Problem requirements: Transcribe each entry exactly, without pictures.
BEGIN Task material
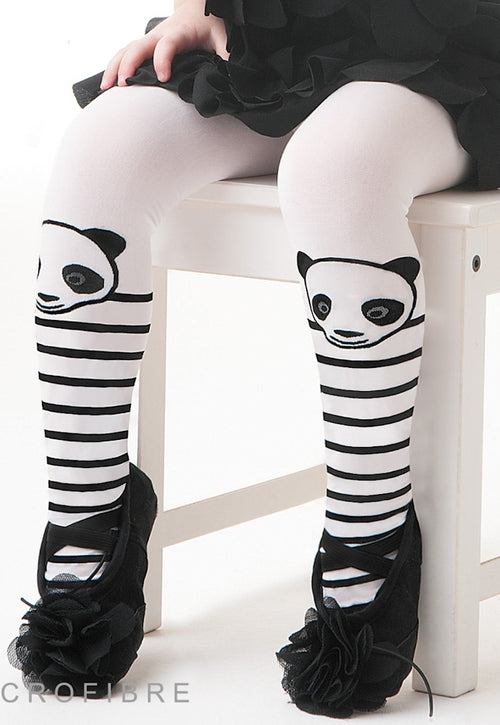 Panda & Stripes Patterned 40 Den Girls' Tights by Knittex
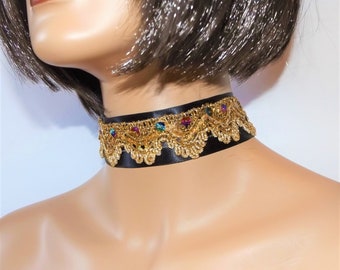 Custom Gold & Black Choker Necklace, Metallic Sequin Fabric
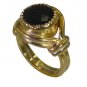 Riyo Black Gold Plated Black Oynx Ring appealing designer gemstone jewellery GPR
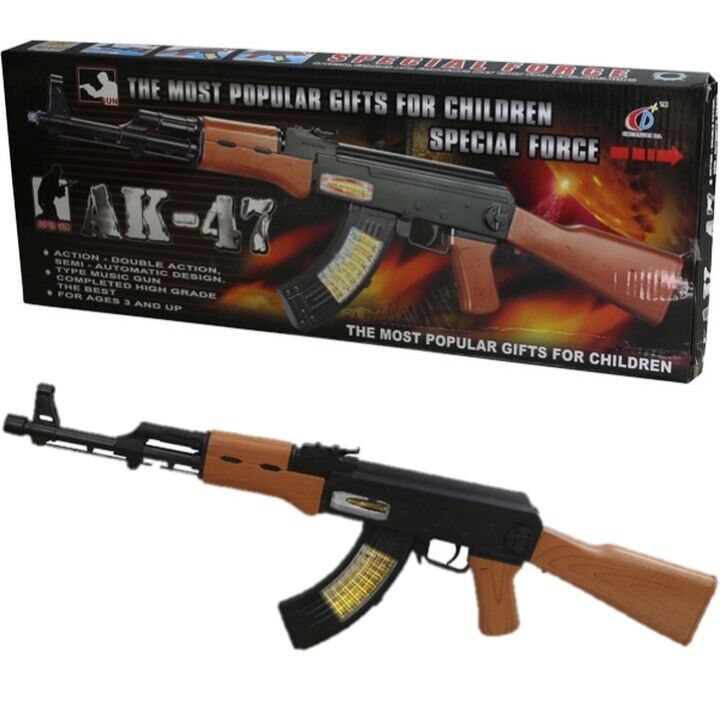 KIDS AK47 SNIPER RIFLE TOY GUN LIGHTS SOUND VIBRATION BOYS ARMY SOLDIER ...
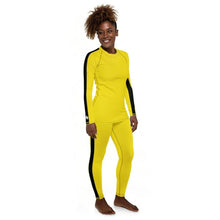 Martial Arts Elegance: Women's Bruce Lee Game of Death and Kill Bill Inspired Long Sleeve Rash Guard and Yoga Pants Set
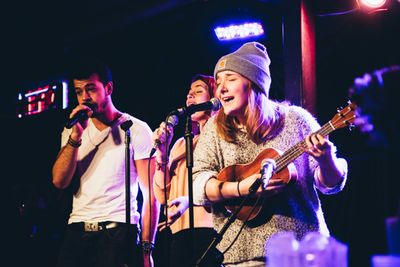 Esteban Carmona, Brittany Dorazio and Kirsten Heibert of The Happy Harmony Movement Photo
END Task material
Final answer:
 Panda & Stripes Patterned 40 Den Girls' Tights by Knittex
 Custom Gold & Black Choker Necklace, Metallic Sequin Fabric
 Riyo Black Gold Plated Black Oynx Ring appealing designer gemstone jewellery GPR
 KIDS AK47 SNIPER RIFLE TOY GUN LIGHTS SOUND VIBRATION BOYS ARMY SOLDIER ...
 Martial Arts Elegance: Women's Bruce Lee Game of Death and Kill Bill Inspired Long Sleeve Rash Guard and Yoga Pants Set
 Esteban Carmona, Brittany Dorazio and Kirsten Heibert of The Happy Harmony Movement Photo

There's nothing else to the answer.